--- WORK REQUIRED ---
Only the pictures should be dropped; every line of the data must come back exactly as written.

(Saved entries)
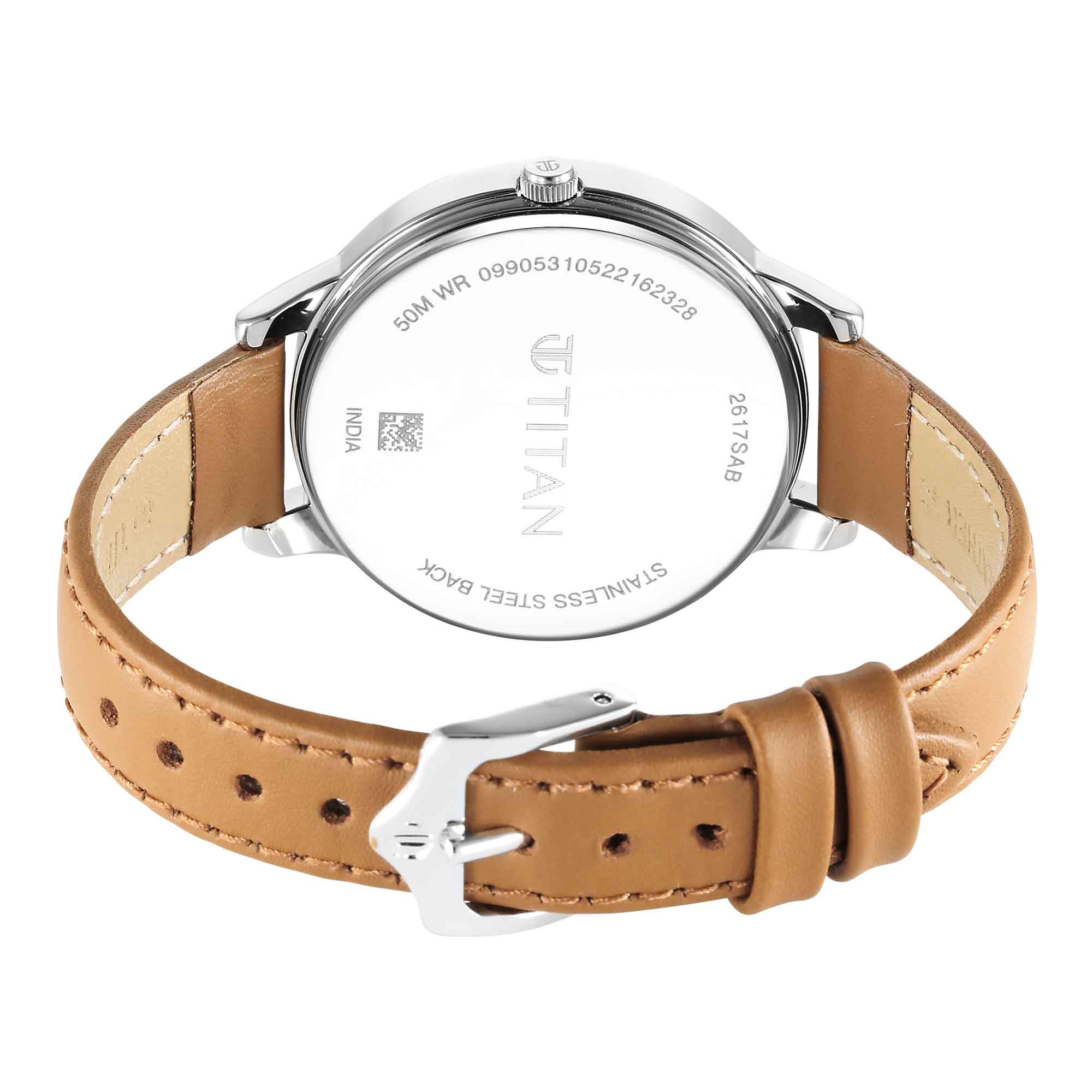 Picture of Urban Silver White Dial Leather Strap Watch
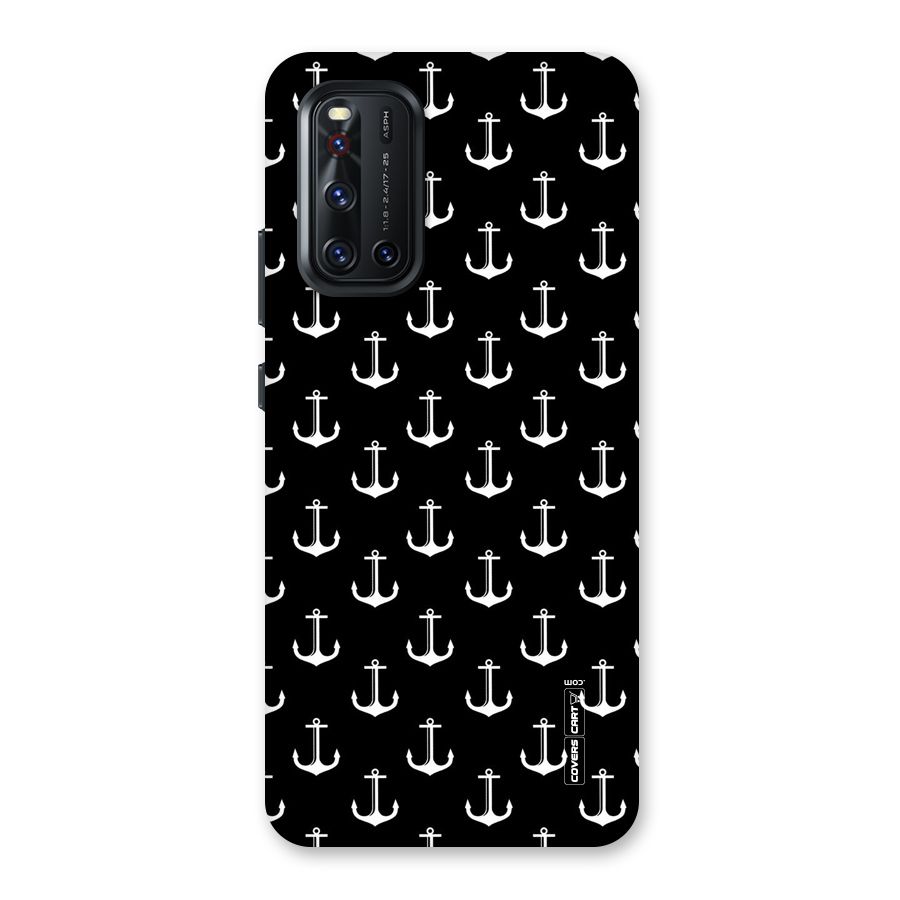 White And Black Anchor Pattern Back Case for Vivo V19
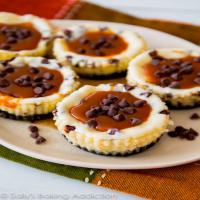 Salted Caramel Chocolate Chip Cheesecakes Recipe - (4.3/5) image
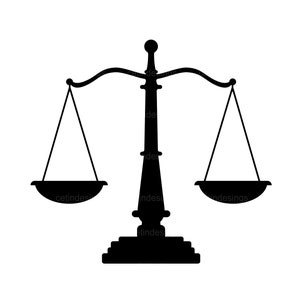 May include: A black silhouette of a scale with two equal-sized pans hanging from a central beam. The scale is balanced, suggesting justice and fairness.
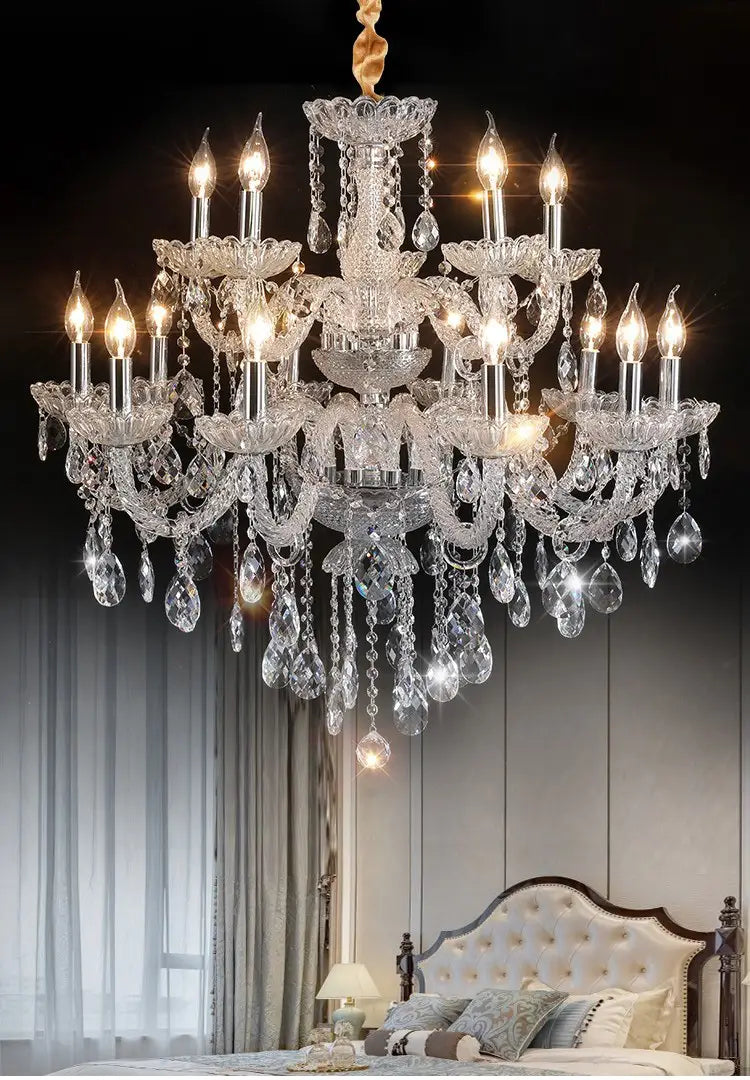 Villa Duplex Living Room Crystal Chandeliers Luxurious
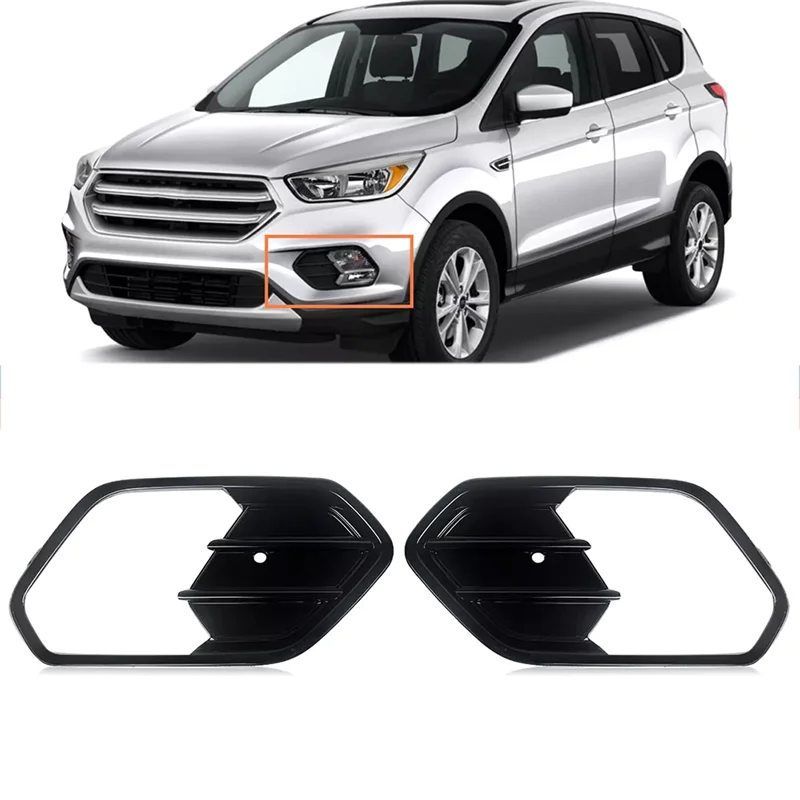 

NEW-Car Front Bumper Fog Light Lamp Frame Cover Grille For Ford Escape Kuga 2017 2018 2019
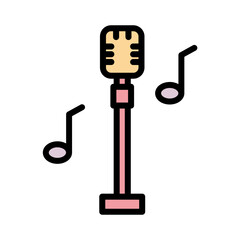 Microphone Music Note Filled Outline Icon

--- WRITTEN RESPONSE ---
 Picture of Urban Silver White Dial Leather Strap Watch
 White And Black Anchor Pattern Back Case for Vivo V19
 Salted Caramel Chocolate Chip Cheesecakes Recipe - (4.3/5) image
 May include: A black silhouette of a scale with two equal-sized pans hanging from a central beam. The scale is balanced, suggesting justice and fairness.
 Villa Duplex Living Room Crystal Chandeliers Luxurious

NEW-Car Front Bumper Fog Light Lamp Frame Cover Grille For Ford Escape Kuga 2017 2018 2019
 Microphone Music Note Filled Outline Icon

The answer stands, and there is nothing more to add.